#### [Assignment]
Below are the records; copy exactly the stretch from the line containing "6295 S Humboldt" through the line containing "Cold Rolled Sus 436 316 Stainless Steel Coil", both ends included, and nothing else.

(Web page caption snippets)
== Segment start ==

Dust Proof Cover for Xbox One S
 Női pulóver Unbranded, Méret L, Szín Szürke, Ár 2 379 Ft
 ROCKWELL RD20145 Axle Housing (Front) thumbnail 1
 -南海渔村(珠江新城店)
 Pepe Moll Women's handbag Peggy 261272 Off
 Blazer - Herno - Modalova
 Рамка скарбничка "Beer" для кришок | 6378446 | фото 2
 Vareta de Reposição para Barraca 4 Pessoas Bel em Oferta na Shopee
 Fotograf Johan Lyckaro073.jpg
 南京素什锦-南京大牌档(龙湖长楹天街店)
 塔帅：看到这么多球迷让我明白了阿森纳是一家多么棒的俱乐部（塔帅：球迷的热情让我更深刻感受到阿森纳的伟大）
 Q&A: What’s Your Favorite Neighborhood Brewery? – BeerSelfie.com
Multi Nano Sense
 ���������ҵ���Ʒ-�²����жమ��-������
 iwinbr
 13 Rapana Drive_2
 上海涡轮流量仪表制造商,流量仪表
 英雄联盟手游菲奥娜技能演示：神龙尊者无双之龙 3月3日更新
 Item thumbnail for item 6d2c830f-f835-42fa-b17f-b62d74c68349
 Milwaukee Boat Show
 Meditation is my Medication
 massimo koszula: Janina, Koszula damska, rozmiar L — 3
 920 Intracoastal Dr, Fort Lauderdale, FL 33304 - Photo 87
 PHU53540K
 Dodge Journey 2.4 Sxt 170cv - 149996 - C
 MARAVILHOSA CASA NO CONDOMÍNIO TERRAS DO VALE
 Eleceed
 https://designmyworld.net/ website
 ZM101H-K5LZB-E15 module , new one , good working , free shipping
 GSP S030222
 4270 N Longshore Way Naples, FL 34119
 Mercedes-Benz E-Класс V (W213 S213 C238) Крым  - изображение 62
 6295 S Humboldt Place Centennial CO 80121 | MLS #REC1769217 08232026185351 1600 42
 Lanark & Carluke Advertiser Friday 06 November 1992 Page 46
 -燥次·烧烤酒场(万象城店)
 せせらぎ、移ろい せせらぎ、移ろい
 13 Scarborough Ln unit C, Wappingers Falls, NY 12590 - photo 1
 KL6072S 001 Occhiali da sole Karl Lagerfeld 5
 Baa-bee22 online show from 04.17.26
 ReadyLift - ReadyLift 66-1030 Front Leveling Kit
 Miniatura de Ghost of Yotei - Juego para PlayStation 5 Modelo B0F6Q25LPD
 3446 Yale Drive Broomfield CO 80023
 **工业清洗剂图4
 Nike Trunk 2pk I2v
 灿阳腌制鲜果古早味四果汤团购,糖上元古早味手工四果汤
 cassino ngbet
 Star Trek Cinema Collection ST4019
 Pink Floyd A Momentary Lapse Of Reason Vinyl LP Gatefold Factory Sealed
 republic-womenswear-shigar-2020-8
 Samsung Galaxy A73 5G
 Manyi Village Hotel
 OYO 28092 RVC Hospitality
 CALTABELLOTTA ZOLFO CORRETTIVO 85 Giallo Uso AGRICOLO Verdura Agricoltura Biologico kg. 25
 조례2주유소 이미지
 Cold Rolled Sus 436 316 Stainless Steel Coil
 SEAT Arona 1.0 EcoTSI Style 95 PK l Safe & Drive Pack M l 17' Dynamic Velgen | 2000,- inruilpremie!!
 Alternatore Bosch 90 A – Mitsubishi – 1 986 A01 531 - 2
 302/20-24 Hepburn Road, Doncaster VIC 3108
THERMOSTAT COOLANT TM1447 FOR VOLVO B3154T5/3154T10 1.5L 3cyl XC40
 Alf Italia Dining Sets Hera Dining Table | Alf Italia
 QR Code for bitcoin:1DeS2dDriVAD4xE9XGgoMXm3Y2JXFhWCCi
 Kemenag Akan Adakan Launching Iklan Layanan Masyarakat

== Segment end ==

#### [Exercise result]
 6295 S Humboldt Place Centennial CO 80121 | MLS #REC1769217 08232026185351 1600 42
 Lanark & Carluke Advertiser Friday 06 November 1992 Page 46
 -燥次·烧烤酒场(万象城店)
 せせらぎ、移ろい せせらぎ、移ろい
 13 Scarborough Ln unit C, Wappingers Falls, NY 12590 - photo 1
 KL6072S 001 Occhiali da sole Karl Lagerfeld 5
 Baa-bee22 online show from 04.17.26
 ReadyLift - ReadyLift 66-1030 Front Leveling Kit
 Miniatura de Ghost of Yotei - Juego para PlayStation 5 Modelo B0F6Q25LPD
 3446 Yale Drive Broomfield CO 80023
 **工业清洗剂图4
 Nike Trunk 2pk I2v
 灿阳腌制鲜果古早味四果汤团购,糖上元古早味手工四果汤
 cassino ngbet
 Star Trek Cinema Collection ST4019
 Pink Floyd A Momentary Lapse Of Reason Vinyl LP Gatefold Factory Sealed
 republic-womenswear-shigar-2020-8
 Samsung Galaxy A73 5G
 Manyi Village Hotel
 OYO 28092 RVC Hospitality
 CALTABELLOTTA ZOLFO CORRETTIVO 85 Giallo Uso AGRICOLO Verdura Agricoltura Biologico kg. 25
 조례2주유소 이미지
 Cold Rolled Sus 436 316 Stainless Steel Coil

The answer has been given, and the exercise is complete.